Path MTU Discovery

Articles » Never-Ending Story of IP Fragmentation » Path MTU Discovery

The early IPv4 host implementations were extremely simple: if the destination IPv4 address was directly connected, the interface MTU size was used; otherwise the MTU was fixed at 576 bytes. This algorithm proved impractical in both low-speed networks due to extra overhead introduced by small packet sizes as well as in high-speed networks due to extra CPU utilization required to process the same amount of data. Furthermore, as the routers started being used to connect LAN segments (for example, in collapsed backbone scenarios), the usage of small packet sizes between LAN segments was bordering on ridiculous.

The overhead of the 40 bytes of IPv4 and TCP headers in a 576-byte packet is 7.5% (40/532), the same overhead in a 1500-byte packet is 2,7%.

The imperfect solution that was proposed almost 30 years ago is still present in modern TCP implementations: IP end-hosts detect the end-to-end MTU size with Path MTU discovery, defined in RFC 1191. The Path MTU Discovery (PMTUD) relies on the following properties of the IP and ICMP protocols:

  • The sending host can indicate that its IP datagrams shall not be fragmented by setting the Don’t Fragment (DF) bit in each outgoing datagram.
  • The intermediate routers that have to drop oversized IP datagrams they cannot fragment (due to DF bit or protocol version) inform the sending host that the datagram has been dropped with an ICMP Destination Unreachable message with the status code Fragmentation needed and DF set.
  • An extra field in the ICMP response indicates the maximum MTU the sending router could support on the outgoing link.
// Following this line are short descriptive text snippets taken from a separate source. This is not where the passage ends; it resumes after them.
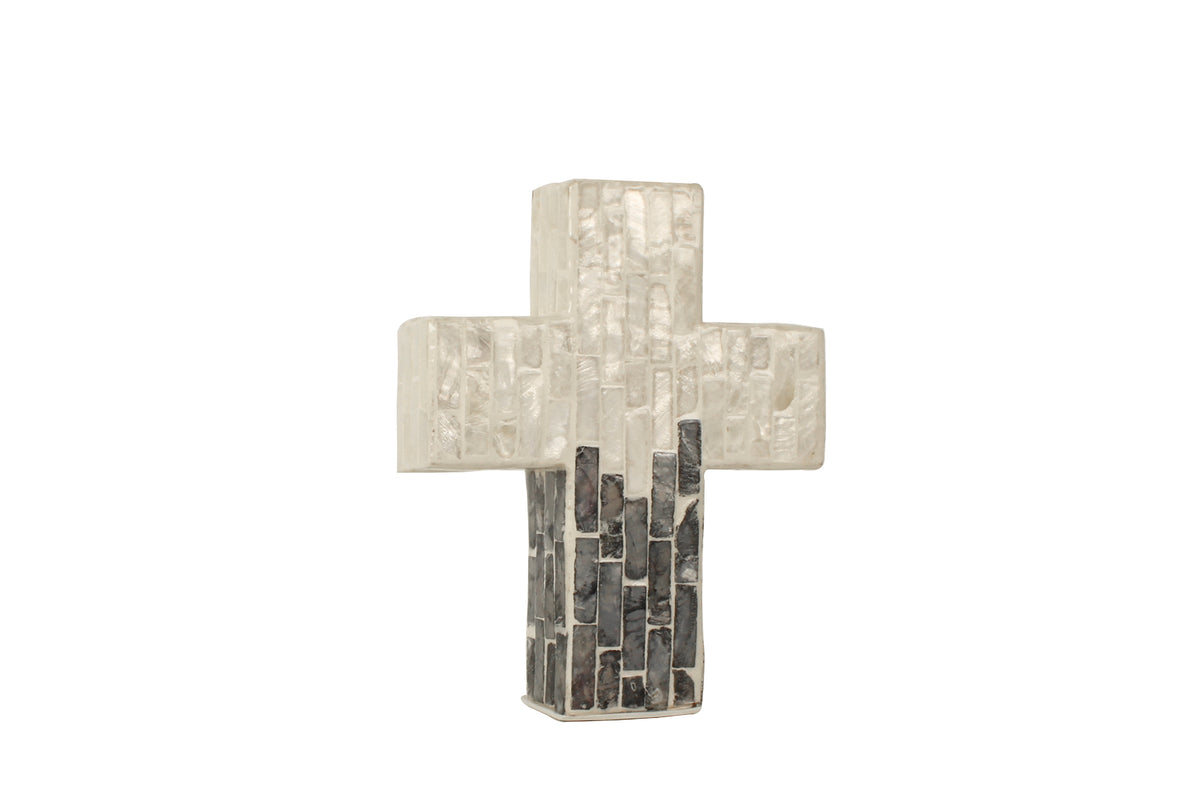 Minimalist Ada Cross Wall Deco 15 x 12 x 3cm for home and office wall décor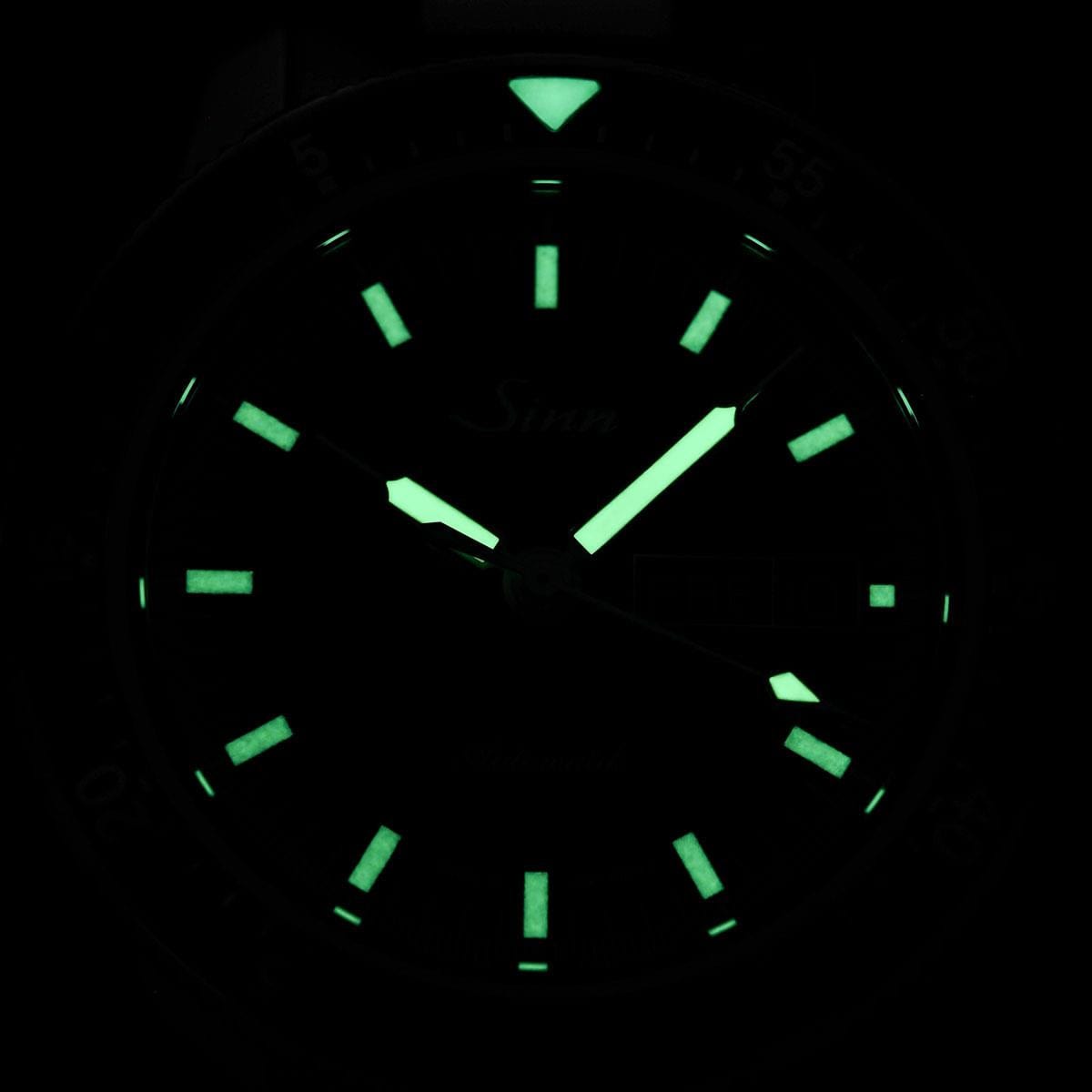 Sinn 104 St Sa I Automatic Sports Watch - Metallic Green Dial - Solid Bracelet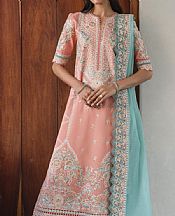Ayzel Pink/Turquoise Lawn Suit- Pakistani Designer Lawn Suits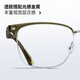 MOLSION Mosen glasses frame Xiao Zhan same eyebrow frame titanium glasses for men and women, degree anti-blue light MJ6195 B15 silver gloss black frame + PROSUN anti-blue light 1.60 pieces (within 600 degrees)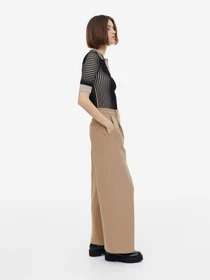 Штани H&M модель 1096238arl_Темно-бежевый Фото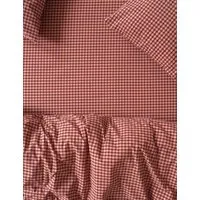 Washed Cotton Gingham Fitted Sheet - Pink Mix alternate view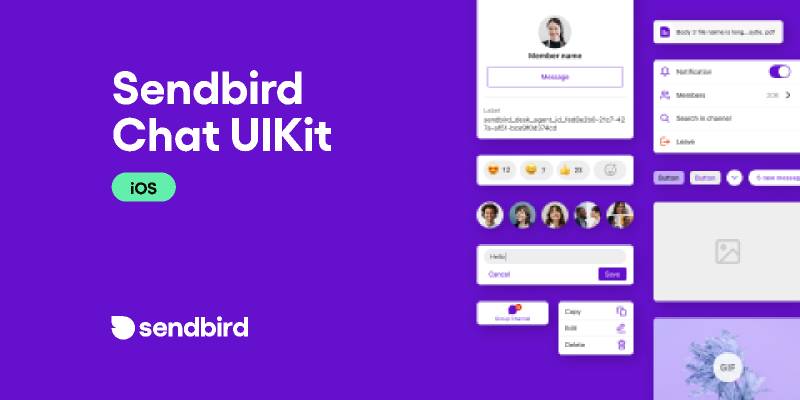 Sendbird-Chat UIKit - Figma iOS UI Kit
An IP host using PMTUD performs the following steps:

  • Whenever the first PMTUD-aware session with a new destination host is started, the MTU of the outgoing interface is assumed to be the MTU of the overall path.
  • All outgoing IP datagrams are sent with the DF bit set.
  • Whenever the layer-4 session happens to send an oversized datagram, a router in the path will drop the packet, report that the local egress MTU was exceeded and suggest the new MTU size in the ICMP reply.
  • The MTU size reported by an intermediate router is cached as the new MTU for the destination host and all future outgoing datagrams will not exceed that MTU.
  • The TCP stack in the originating host or a PMTUD-aware UDP application has to retransmit the data in smaller datagrams.
As you can see from the description, the PMTUD is usually a reactive procedure, not an active process by which an IP host would measure the end-to-end MTU. The computed end-to-end MTU is a by-product of sending large datagrams and might not be correct if all the sessions between a pair of end-hosts send only small datagrams. There were, however, IP implementations that continuously pinged the remote host to measure path MTU.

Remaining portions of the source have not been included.